Barcode/Westwood Club: Failure to comply with an access request for CCTV footage

I received a complaint from a data subject alleging that Barcode Night Club of WestWood Club in Clontarf did not comply with his access request for CCTV footage in respect of himself, which had been recorded at a specified time in the early hours of a morning in August 2005. The data subject requested footage specifically from the cloakroom inside Barcode Night Club and outside the main gate. He had been involved in an incident inside and outside Barcode Night Club, had his wallet stolen and he was injured as a result.

The data subject made his access request and, in doing so, he referred in his letter to the data controller's obligations under the Acts. He included a reference to my Office's website where the data controller could "see all the details surrounding the Act." After the 40 days had elapsed, during which time his access request had not been complied with, he contacted the manager of Barcode/Westwood Club and she said she would look into it. When he called her again on a later date he was told that Barcode/Westwood Club would not be giving him a copy of any data.

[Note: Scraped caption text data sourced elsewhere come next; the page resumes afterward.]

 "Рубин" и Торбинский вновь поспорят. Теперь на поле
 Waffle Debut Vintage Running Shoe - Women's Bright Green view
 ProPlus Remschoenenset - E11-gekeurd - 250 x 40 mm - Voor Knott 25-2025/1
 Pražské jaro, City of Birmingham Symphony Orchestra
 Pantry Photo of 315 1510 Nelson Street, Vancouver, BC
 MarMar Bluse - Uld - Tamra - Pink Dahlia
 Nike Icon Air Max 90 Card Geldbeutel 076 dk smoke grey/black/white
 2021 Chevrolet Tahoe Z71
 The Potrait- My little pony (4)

My Office commenced an investigation and wrote to the Manager of Barcode/Westwood Club. In a response received from the solicitor for the Club, my Office was advised that the Club no longer had CCTV footage from the relevant time and that it was not aware, at the time that the access request was made, of its obligations under the Data Protection Acts to provide such footage (if it existed then).

The right of access under the Acts to one's own personal data is a key right and it is the starting point for obtaining control over the use of one's own data. CCTV images which capture an individual are personal data relating to that individual within the meaning of the Acts. The Acts define "personal data" as "data relating to a living individual who is or can be identified either from the data or from the data in conjunction with other information that is in, or is likely to come into, the possession of the data controller".

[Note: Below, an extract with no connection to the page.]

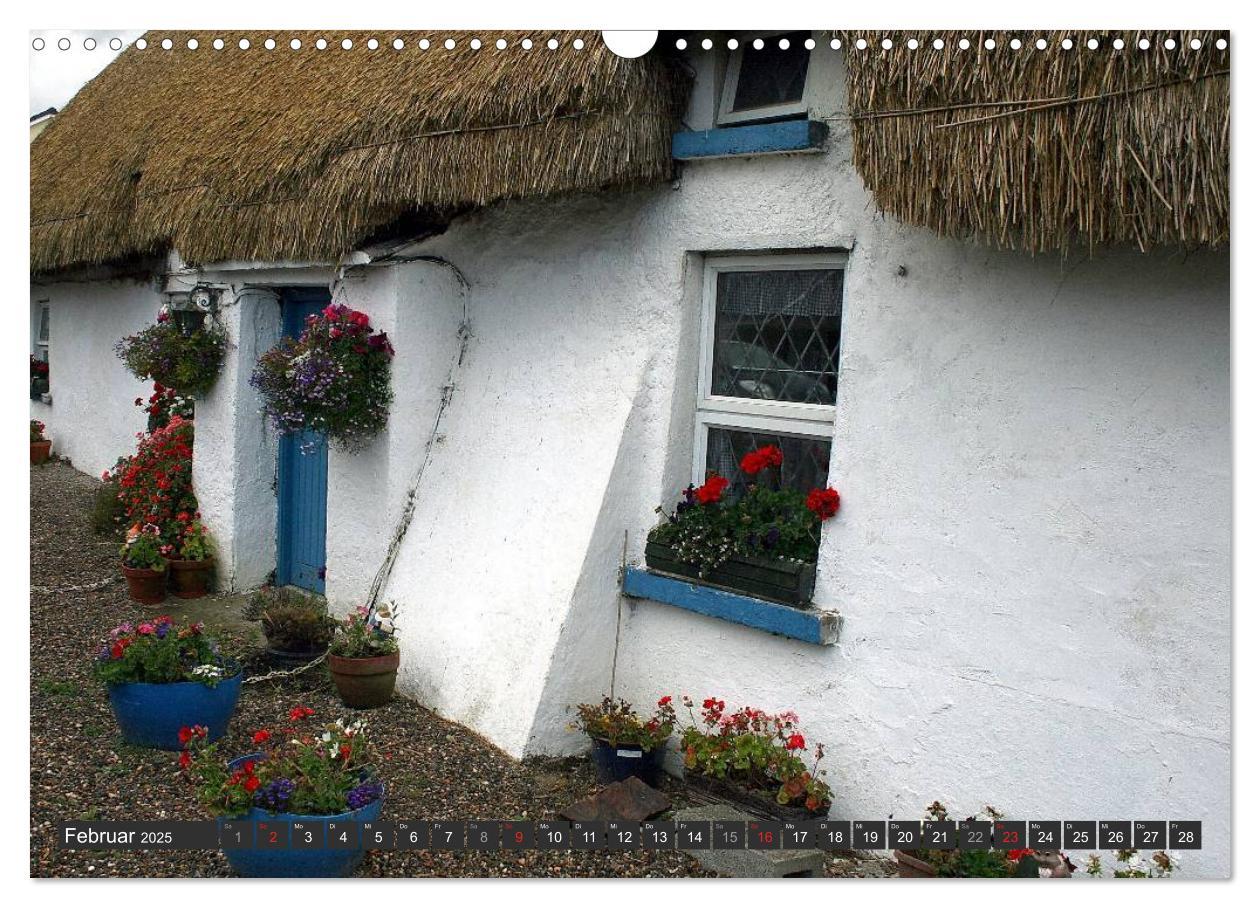 Bild: 9783435740390 | Irland ¿ Impressionen (Wandkalender 2025 DIN A3 quer), CALVENDO...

I could not accept the explanation offered on behalf of Barcode/WestWood Club that they were not aware of their obligations under the Acts when they received the data subject's access request. This is especially so as the data subject specifically brought their obligations under the Acts to their attention. The solicitors introduced a question as to whether the data existed at the date of the access request, which was twelve days after the date in respect of which the CCTV footage had been sought. However, they subsequently copied to my Office a document which stated that "CCTV tapes are held for 31 days unless the Gardaí make an official request to download to a master tape." It seemed unlikely to me, therefore, that the data had been deleted at the stage of the access request. This retention policy reflects industry practice which is to retain such footage for 28 days. It is also important to emphasise that pursuant to Section 4(5) of the Acts, the deletion of data is not permissible following receipt of an access request - the Data Controller's obligation is to provide whatever data exists at the time the access request is received.

In March 2006, I issued my Decision on this case under Section 10(1) (b) (ii) of the Acts. I found that the data subject was entitled to a copy of the CCTV footage held by Barcode/WestWood Club in respect of the early hours of the morning concerned in response to his access request. I also found that Barcode/WestWood Club were in contravention of Section 2(1)(c) of the Acts as they failed to keep a copy of the CCTV tape as per their own procedures given to my Office. The specified purpose in this case was for the data subject's access request.

There is an onus on businesses which use CCTV cameras to make themselves aware of their data protection obligations. The eight principles of data protection apply to images of persons captured by such cameras, as they do to all other personal data. In particular, data controllers should be aware of the limited retention period which applies to such personal data as well as the need for transparency and proportionality in the operation of CCTV systems.